Write out the following listing's lines from the one with "Page 1 #4, 5, 6" to the one with "letivas, com prioridade", exactly, with both included and no others.

Start of Block

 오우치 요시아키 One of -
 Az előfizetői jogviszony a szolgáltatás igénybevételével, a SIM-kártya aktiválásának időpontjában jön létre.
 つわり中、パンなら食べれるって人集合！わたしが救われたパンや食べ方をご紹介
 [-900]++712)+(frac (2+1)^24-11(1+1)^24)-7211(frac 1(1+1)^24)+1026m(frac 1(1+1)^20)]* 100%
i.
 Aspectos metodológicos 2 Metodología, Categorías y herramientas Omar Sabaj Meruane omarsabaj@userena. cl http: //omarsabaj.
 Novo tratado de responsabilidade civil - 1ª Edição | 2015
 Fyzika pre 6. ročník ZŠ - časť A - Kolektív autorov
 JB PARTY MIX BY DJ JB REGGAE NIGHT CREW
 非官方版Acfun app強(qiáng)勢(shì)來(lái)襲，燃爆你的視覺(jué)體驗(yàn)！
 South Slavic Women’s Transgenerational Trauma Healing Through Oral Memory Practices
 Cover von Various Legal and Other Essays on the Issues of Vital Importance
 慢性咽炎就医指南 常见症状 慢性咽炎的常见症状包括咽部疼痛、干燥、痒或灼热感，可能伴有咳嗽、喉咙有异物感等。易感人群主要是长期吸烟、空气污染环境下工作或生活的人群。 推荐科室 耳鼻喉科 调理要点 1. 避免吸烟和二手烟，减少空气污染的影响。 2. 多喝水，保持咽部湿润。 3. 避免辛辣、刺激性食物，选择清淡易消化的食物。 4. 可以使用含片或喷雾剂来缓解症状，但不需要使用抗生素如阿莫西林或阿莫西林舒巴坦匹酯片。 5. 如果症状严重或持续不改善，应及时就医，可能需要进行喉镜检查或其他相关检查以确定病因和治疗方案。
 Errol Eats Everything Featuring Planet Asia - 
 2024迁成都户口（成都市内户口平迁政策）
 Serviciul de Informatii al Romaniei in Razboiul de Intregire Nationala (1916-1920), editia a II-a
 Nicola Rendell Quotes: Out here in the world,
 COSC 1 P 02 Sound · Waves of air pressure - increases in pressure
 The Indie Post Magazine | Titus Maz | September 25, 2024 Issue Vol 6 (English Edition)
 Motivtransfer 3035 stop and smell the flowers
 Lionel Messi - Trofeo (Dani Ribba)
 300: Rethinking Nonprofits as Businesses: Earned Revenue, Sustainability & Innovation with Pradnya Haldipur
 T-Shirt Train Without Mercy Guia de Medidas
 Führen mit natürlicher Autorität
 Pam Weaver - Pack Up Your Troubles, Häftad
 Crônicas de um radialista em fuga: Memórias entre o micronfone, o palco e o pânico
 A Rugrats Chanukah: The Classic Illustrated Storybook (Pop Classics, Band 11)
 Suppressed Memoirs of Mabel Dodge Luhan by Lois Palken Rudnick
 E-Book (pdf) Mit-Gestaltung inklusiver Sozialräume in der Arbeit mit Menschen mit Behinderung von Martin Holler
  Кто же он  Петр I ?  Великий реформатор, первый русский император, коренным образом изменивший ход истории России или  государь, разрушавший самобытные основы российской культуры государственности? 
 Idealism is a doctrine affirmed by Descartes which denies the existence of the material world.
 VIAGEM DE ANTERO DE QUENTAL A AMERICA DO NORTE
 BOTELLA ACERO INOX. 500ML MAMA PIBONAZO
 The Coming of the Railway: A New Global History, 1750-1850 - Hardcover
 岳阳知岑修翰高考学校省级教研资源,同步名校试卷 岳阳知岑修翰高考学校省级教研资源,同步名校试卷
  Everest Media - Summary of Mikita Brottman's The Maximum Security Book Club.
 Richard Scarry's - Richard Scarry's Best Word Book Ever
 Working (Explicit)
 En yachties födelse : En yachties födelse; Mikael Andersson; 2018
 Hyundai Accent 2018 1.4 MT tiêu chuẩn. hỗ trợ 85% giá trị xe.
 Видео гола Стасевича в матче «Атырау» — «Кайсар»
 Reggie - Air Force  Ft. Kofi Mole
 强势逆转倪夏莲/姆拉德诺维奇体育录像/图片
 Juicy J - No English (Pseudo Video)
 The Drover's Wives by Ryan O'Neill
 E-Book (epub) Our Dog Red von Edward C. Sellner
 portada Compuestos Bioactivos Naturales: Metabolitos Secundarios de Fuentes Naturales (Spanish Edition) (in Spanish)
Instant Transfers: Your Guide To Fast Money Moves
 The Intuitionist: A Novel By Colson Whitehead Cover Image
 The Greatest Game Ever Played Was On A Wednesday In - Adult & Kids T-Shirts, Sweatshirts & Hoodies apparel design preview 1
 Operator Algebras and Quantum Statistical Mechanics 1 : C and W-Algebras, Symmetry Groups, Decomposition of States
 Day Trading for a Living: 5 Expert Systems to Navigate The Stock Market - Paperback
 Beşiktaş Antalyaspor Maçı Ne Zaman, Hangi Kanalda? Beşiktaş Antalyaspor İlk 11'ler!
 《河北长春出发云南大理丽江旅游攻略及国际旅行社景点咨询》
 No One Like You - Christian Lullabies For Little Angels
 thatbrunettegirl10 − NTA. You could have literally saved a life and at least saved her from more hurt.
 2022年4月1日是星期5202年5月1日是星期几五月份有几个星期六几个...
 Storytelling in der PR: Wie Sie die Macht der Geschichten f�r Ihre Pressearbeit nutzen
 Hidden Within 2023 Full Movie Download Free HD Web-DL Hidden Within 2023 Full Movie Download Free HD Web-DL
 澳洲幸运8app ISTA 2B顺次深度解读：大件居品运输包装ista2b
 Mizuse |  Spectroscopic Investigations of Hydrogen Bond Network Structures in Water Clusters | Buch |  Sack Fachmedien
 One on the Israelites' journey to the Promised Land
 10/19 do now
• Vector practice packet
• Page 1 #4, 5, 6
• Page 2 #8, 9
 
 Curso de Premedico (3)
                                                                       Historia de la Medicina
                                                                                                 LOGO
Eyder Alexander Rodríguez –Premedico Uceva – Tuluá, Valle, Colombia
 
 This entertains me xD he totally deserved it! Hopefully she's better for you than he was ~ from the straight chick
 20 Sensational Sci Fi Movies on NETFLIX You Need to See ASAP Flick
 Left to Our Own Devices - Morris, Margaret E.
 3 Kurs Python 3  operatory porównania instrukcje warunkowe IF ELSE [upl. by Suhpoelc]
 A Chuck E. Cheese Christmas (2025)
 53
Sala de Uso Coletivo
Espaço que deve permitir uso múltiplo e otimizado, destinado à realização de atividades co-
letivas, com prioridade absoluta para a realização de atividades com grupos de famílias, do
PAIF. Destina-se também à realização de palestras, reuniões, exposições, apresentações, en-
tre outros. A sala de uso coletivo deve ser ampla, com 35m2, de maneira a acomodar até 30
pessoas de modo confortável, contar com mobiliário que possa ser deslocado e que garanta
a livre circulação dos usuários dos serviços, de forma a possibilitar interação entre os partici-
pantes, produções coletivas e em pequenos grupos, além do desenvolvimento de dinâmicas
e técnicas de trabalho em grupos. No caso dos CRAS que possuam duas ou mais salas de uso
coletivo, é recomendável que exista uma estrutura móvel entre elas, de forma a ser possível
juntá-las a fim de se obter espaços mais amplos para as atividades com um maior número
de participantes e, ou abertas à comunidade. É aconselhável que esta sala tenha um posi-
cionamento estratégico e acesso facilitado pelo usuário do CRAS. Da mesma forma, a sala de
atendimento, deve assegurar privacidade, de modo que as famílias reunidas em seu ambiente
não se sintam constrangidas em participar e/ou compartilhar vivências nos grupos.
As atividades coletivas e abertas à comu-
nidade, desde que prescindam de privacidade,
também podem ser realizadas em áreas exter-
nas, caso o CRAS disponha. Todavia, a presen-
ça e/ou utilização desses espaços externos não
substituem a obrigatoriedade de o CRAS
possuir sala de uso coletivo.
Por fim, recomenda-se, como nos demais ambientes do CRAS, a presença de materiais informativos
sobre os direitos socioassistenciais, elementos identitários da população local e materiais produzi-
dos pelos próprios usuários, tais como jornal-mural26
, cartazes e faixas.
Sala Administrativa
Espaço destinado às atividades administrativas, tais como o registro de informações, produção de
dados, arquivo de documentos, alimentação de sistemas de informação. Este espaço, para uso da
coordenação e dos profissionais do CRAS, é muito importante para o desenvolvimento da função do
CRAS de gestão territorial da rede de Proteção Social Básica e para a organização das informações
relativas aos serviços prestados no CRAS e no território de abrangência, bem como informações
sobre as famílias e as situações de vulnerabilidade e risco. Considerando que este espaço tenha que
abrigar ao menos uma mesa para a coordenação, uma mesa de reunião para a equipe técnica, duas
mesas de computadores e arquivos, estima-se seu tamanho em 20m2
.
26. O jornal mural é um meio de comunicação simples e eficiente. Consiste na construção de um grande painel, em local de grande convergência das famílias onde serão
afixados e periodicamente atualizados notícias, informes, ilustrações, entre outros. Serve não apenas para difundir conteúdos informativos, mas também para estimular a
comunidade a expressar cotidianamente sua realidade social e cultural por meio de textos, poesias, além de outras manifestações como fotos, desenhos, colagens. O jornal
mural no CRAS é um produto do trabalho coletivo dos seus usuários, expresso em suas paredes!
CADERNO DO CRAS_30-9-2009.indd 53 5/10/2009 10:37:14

End of Block

#### Worked solution
• Page 1 #4, 5, 6
• Page 2 #8, 9
 
 Curso de Premedico (3)
                                                                       Historia de la Medicina
                                                                                                 LOGO
Eyder Alexander Rodríguez –Premedico Uceva – Tuluá, Valle, Colombia
 
 This entertains me xD he totally deserved it! Hopefully she's better for you than he was ~ from the straight chick
 20 Sensational Sci Fi Movies on NETFLIX You Need to See ASAP Flick
 Left to Our Own Devices - Morris, Margaret E.
 3 Kurs Python 3  operatory porównania instrukcje warunkowe IF ELSE [upl. by Suhpoelc]
 A Chuck E. Cheese Christmas (2025)
 53
Sala de Uso Coletivo
Espaço que deve permitir uso múltiplo e otimizado, destinado à realização de atividades co-
letivas, com prioridade absoluta para a realização de atividades com grupos de famílias, do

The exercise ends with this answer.